* Source data
⟨

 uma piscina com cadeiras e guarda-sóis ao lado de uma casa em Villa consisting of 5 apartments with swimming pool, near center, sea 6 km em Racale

⟩
⟨

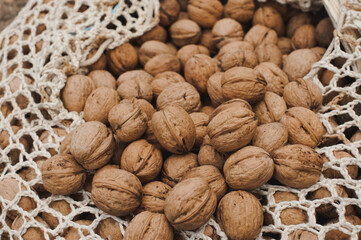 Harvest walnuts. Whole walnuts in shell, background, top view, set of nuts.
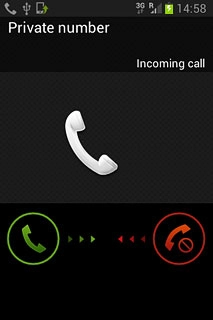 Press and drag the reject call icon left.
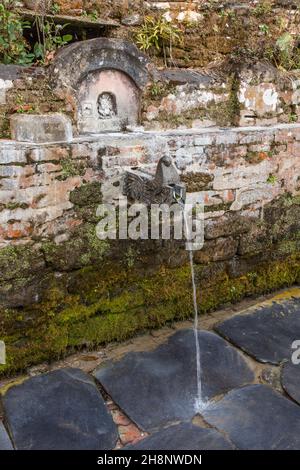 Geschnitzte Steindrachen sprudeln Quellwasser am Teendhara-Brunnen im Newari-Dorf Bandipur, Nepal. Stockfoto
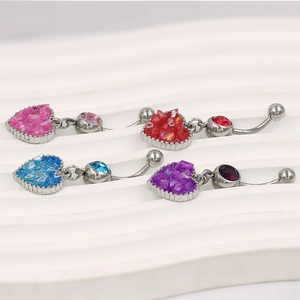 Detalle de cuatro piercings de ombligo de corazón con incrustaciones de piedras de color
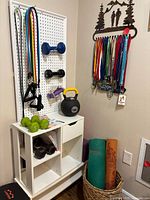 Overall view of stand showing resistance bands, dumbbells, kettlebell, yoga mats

⟩

* About this exercise
Within the data above, repeat exactly the lines from the one bearing "Harvest walnuts. Whole" through the one bearing "Overall view of". Include no pictures and nothing else.

* Solved exercise
 Harvest walnuts. Whole walnuts in shell, background, top view, set of nuts.
 Press and drag the reject call icon left.
 Geschnitzte Steindrachen sprudeln Quellwasser am Teendhara-Brunnen im Newari-Dorf Bandipur, Nepal. Stockfoto
 Detalle de cuatro piercings de ombligo de corazón con incrustaciones de piedras de color
 Overall view of stand showing resistance bands, dumbbells, kettlebell, yoga mats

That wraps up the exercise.